The wording I’ve seen gives me great concern that this might mean small producers decide not to make their product available to Scottish purchasers.
I would also like clarity on the position regarding wine in reserves and EP which has already been purchased.
My experience of SEPA does not give me confidence that adding 2 and 2 is a core skill set…
I’m sure that there would be plenty of cross border activity another unintended consequence.
Scot Gov are becoming increasingly centralised, ‘nanny state’ and incompetent. They get away with it because the bar is usually even lower south of the Border and they point at that and claim they are doing better.
A topic I, along with others at TWS are currently grappling with.
To answer a few questions raised above from my, quite frustrated, perspective:
Yes, wine bottles are included in the list of “scheme items” which will make them liable for the 20p deposit. We will be obligated to add this 20p to every scheme item we deliver to a Scottish address – so will include gifts ordered in England to go to Scotland.
We are working with all available information to ensure disruption is minimised for members wanting delivery to Scotland but unfortunately, essential information isn’t currently available. Circularity Scotland (CSL) and SEPA are quite busy pointing fingers at each other, meanwhile we don’t have the specifics we need to make important changes to our systems.
Producers are required to register this month. For wine, the definition doesn’t work cleanly. Depending on the label and route to the UK, importers and agents are classed as Producers – which includes TWS for the wines that we import directly. Each individual product will need to be registered by the relevant producer at least 6 weeks prior to going on sale. Producers are responsible for funding the scheme and need to report monthly sales volumes into Scotland from everyone that they supply. Communication by CSL has been very poor in England and awareness of the scheme varies greatly amongst wine importers.
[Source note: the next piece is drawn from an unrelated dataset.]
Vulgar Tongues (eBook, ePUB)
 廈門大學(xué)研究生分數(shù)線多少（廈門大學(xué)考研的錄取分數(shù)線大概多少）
So that scheme items can be recognised by the reverse vending machines (RVMs) that will be rolled out to support the recycling element of the scheme, CSL state that a barcode will be needed on each bottle (not something that happens as a matter of course with wine) and the bottle weight and dimensions will need to be uploaded to their online portal. After drinking their wine, Members will then need to drive to their nearest RVM to drop off their bottles and receive back their deposits. Originally, online retailers were going to have to offer a takeback scheme but that looks to have been postponed for all but the largest retailers. Non scheme items (wine bottles sold prior to launch date, for example) will have to managed by other recycling methods – kerbside collection?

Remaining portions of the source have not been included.